Wow.
How fucked up is the situation on the ground in Ireland?
You have the dregs of the planet sleeping on your church grounds, and another of them tried to grab a kid in the inner city area. Maybe he was looking to keep himself warm. Maybe not. Hope the kid's okay? Holy shit - what a cluster-fuck you saps are in. The absolute fucking state of Ireland lately? Man, if you guys could see this through my eyes you'd likely want to poke them out and blind yourselves.
One thousand seven hundred men - all wandering around the capital city at night looking for food, warmth, little kids, a tent and a sleeping bag, some weed, some credit for the phone to Skype back home to Syria and Nigeria. A shop to kick the windows in for fresh tracksuits. Fuck. There was an article on the Finnish news last night about the situation you daft bastards are after landing yourselves in.
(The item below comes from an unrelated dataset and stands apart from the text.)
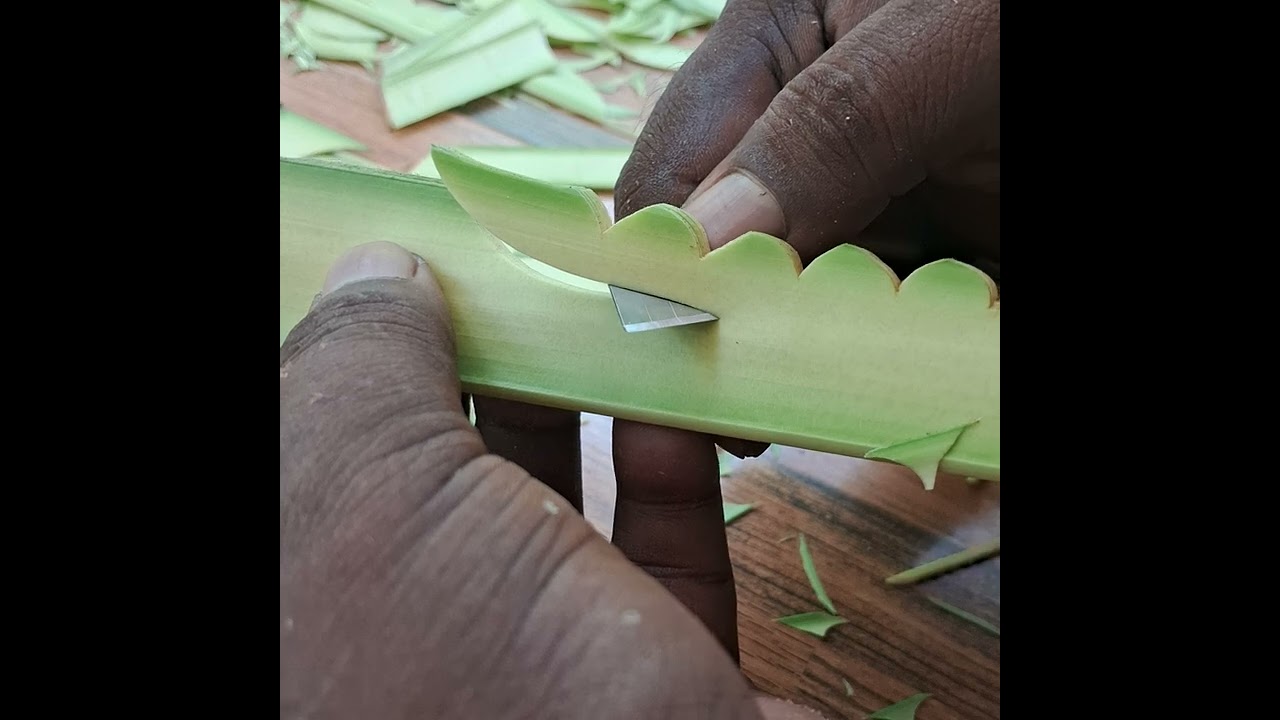 ගොක්කොල කැටයම්... අපෙන් විතරයි...💚💚☺️☺️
Cluster-fuck doesn't even begin to cover it.
What are you going to do?
And who the fuck is Lucky Khambule?
Does anybody know what the fuck is going on in your parliament?
People are starting to laugh at you, and I don't mean in harmony or in cahoots with you: but at you, right into your face. The sniggering from some of the folks on the news panel last night was kind of embarrassing but only for as long as it took to remind myself that it's things like the current shit-show that changed my mind about sticking around. You're fucking hopeless, and I mean that in the truest sense: ask yourself? If you were to try to trace back all the steps taken to get you to where you are right now, could you plot a course through it, or would you simply crumble and admit that the madness has all gotten way too far out of hand to rein back in?
Boggles my mind.
And there's RTE popping the champagne corks as Bryan Dobson retires and Dee Forbes is still on her period?
Can you fools get anything right?
Fucking hell - I was planning on coming home for a long weekend this week but after seeing what's going on over there - well, fuck that for a game of soldiers. You fuckers are sinking fast. Real fast. It's far too out of hand to stop the roller-coaster now. You're just going to have to hang on tight and wait until the juice runs out.
Sadly for you, I find your current situation hilarious, utterly fucking nuts.
Only the Irish could drop a bomb on themselves as big and nasty as this one.